III. The breastwork Fig. 11. and B. Fig. 1. and Fig. 2. is fixed above the cylinder, parallel and contiguous to the same. It has transverse grooves or openings 188.8.131.52 &c through which the rows of teeth pass as the cylinder revolves: and its use is to obstruct the seeds while the Cotton is carried forward through the grooves by the teeth. That side of the breastwork next the cylinder should be made of brass or Iron, that it may be the more durable. Its face or surface a.x. Fig. 1. ought to make an angle with the tangent x.z. less than 50 Degrees. A tooth in passing from k up to the breastwork B. fastens itself upon a certain quantity of Cotton, which is still connected with its seeds. The seeds being too large to pass through the breastwork are there stopped, while the cotton is forced thro’ the groove9 and disengaged from the seeds. Now if the point of the tooth enters the groove before the root or that part next the cylinder, it carries through all which it has collected in coming from k; but if the root of the tooth enter the groove before the point, part of the Cotton fastened on it, will slide off: and this latter case is preferable as it helps to give the Cotton a rotary motion in the hopper. The thickness of the breastwork, or the distance from a. to i. Fig. 1. should be about 2 ½ or 3 inches, in proportion to the length of the cotton. It should be such that the cotton which is carried through by the teeth may be disconnected from that which is left in the hopper before it leaves the grooves; otherwise that which is carried partly through the breastwork will by the motion of that with which it is connected in the hopper become so collected and knotted at i, as to obstruct and bend the teeth.*
The under part of the breastwork next the cylinder, ought, as has before been observed, to be made of iron or brass. It may be cast either in a solid piece and the openings for the passage of the teeth cut with a saw and files: or in as many parts as there are spaces between the several rows of teeth in the cylinder and in form of Fig. 12. and the pieces set, by means of a shank or tenon,10 in a groove running lengthwise along the wooden part of the breastwork.
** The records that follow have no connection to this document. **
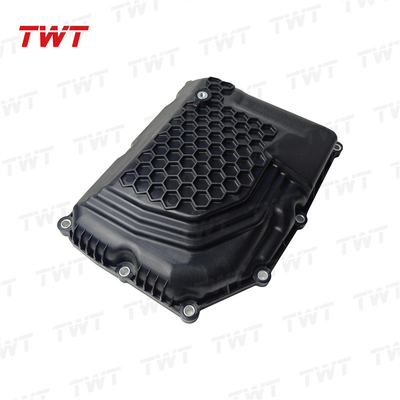 Twt 35151-33160 35151-33161 Transmission Transaxle Oil Pan Cover Wave Tank Oil Tank Bottom cho Toyota Rav4 Camry Hybrid Sienna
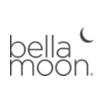 Bellamoon discount code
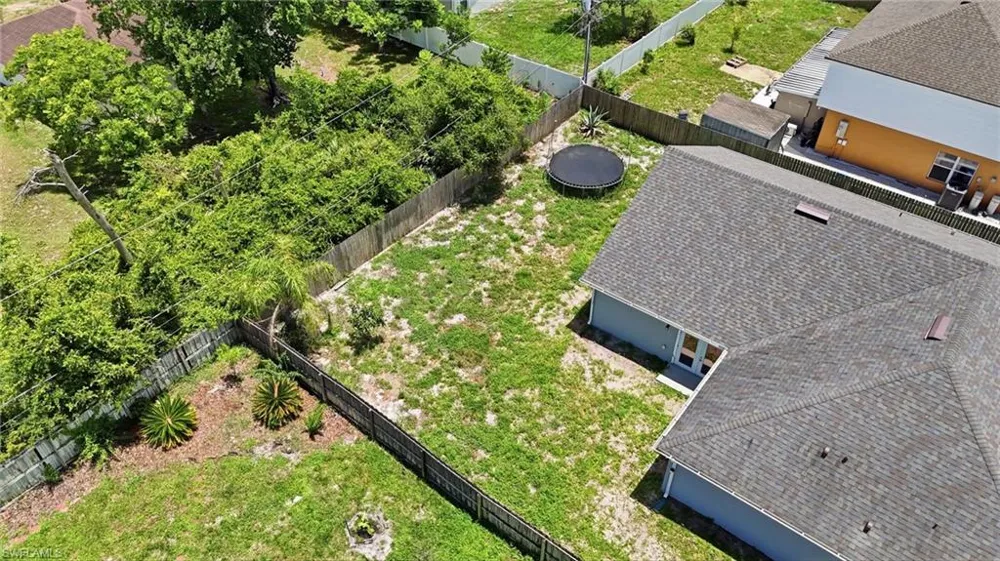 3088 WAINWRIGHT STREET Deltona, FL 32738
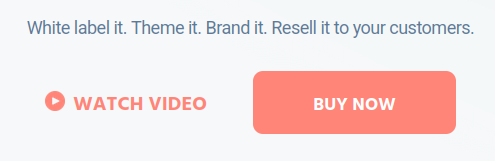 emd_buynow.png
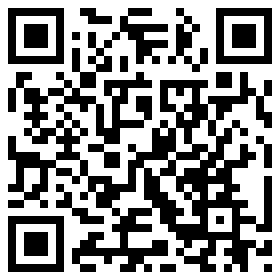 qrcode für Siemens Leitungsschutzschalter 40 3 Npol 50A T=70mm - 5SY7650-7
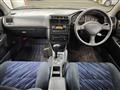 1996 Toyota Carina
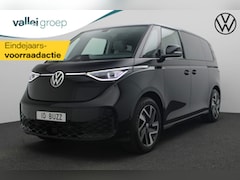 Volkswagen ID. Buzz - 204 pk Pro Advantage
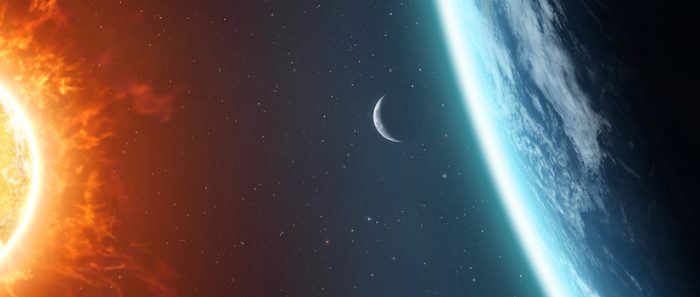 Investigador chileno participará en proyecto de vida extraterrestre «Alien Earths» de la NASA
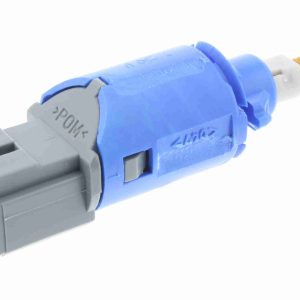 Comutator lumini frana VEMO V46-73-0034 – RENAULT | AutoRival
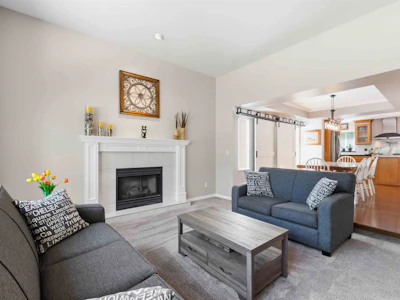 23500 109 Avenue - 4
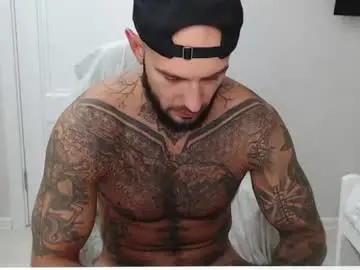 Chaturbate Free Live Porn of maxi_foxxx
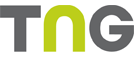 TNG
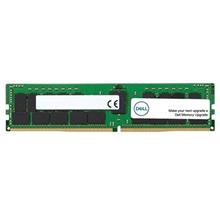 Dell 32GB (1x32)-2RX4 DDR4 RDIMM 3200MHz (B257620) AB257620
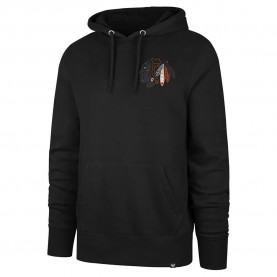 суичър,мъжки,пуловери,47,nhl,chicago,blackhawks,imprint,backer,burnside,hoodie,black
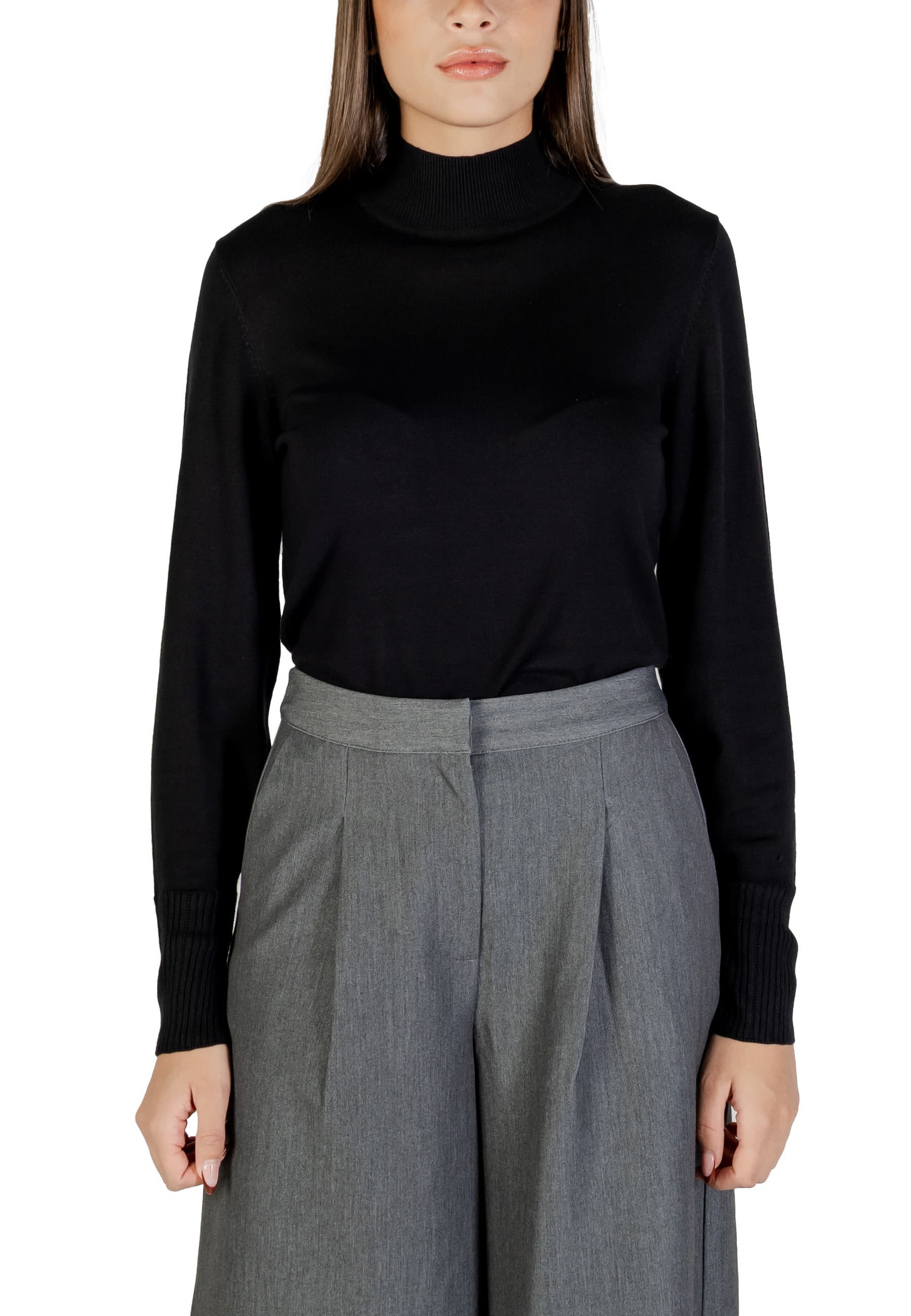 Ichi Maglia Donna - Ichi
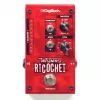 DigiTech Whammy Ricochet Pitch Shifter ģitāras efekta pedālis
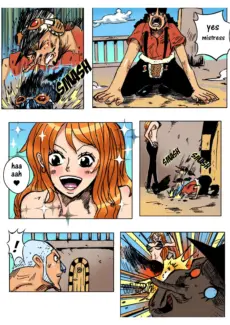 Queen Island (9)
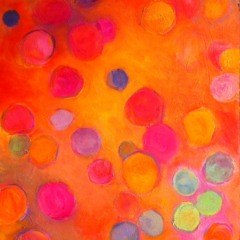 Sweet Dreams / Davian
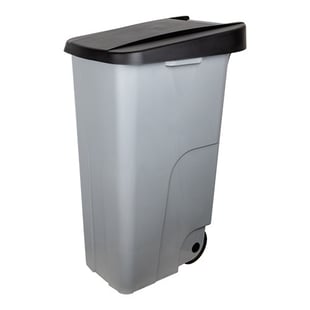 Denox | afvalcontainer 110L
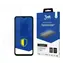 3mk FlexibleGlass Hybrid Hartowane Szkło do Samsung Galaxy M15 5G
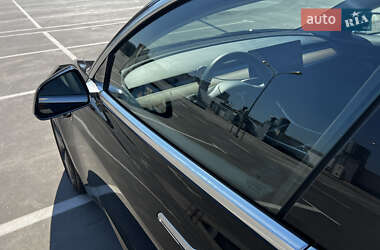 Седан Tesla Model 3 2020 в 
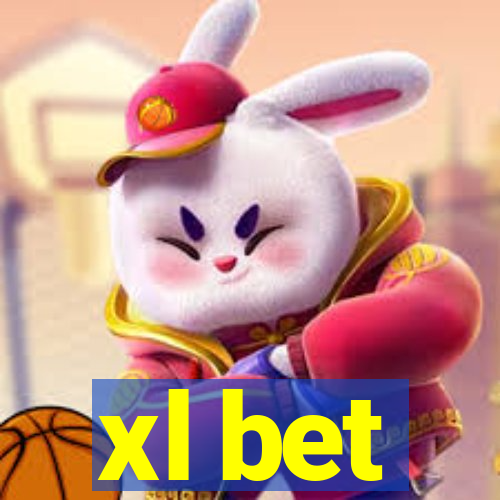 xl bet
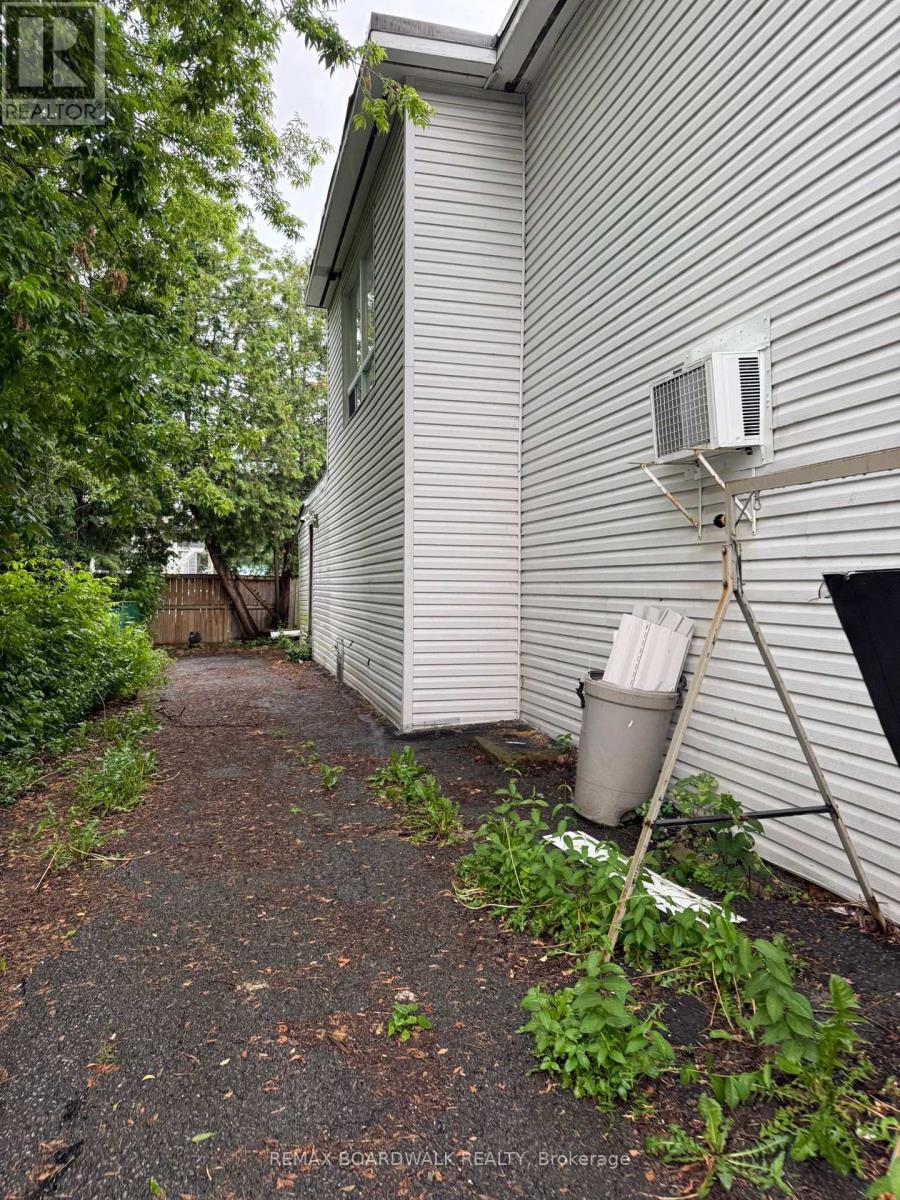 46 Jolliet Avenue, Ottawa, Ontario  K1L 5H5 - Photo 28 - X13445952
The breastwork, described, if properly constructed, will it is thought answer every valuable purpose. But I shall mention one of a different construction which I have used with success, and is made in the following manner. Form a breastwork of the same shape and dimensions as the one before described, entirely of wood. Place a bar of wood one inch below the cylinder and parallel to it. Then with straps or ribs of Iron, brass or tin plate connect the breastwork of wood with the bar below. The ribs or straps must be so applied as to sit close to the surface of the cylinder between the wooden breastwork and the bar, and of a width that will permit them to work freely between the annular rows of teeth.11 That end of each strap which is fastened to the breastwork should divide widthwise into two parts, one of which should pass along the lower surface of the breastwork and the other run up its front. In Fig. 14.B. is the wooden breastwork: D. the bar below the cylinder; the dotted circle b.b. the cylinder; e.e. the strap; c. the place where the strap divides; and a.a.a. wood screws or nails with which the strap is made fast to the bar and breastwork.
IV. The clearer, C, Fig. 1. is constructed in the following manner. Take an iron axis perfectly similar to that described as extending through the cylinder, except that it need not be so large nor fitted for the application of a winch. Frame together crosswise at right angles two pieces of timber of suitable size and of a length about equal to the diameter of the cylinder, so as to make the four arms equal in length, and insert the axis thro’ the centers of two crosses or frames of this kind. Let their distance from each other be one third of the length of the cylinder and make them fast on the axis. The arms of the13 two crosses are then connected by four pieces, of the same length of the cylinder:14 equidistant from the axis, and parallel to the same, and to each other. In each of the parallel pieces, on the outside or side opposite the axis, a channel is made lengthwise for the reception of a brush. The brush is made of Hogs bristles, set in a manner somewhat similar to that of setting the15 reeds in a Weavers Sleigh. Between two strips of wood about ⅛ of an inch in thickness and half an inch in breadth, is placed a small quantity of bristles; then a strong thread or twine is wound round the sticks, close to the bristles: then another quantity of bristles is inserted &c. till a brush is formed, equal in length to the cylinder.* The bristles on the side a.a. Fig. 6. are smeared with pitch or rosin and seared down with a hot iron even with the wood, to prevent them from drawing out. On the other side they are cut with a chisel to the length of about an inch from the wood. A brush of this kind is fixed in each of the before mentioned channels.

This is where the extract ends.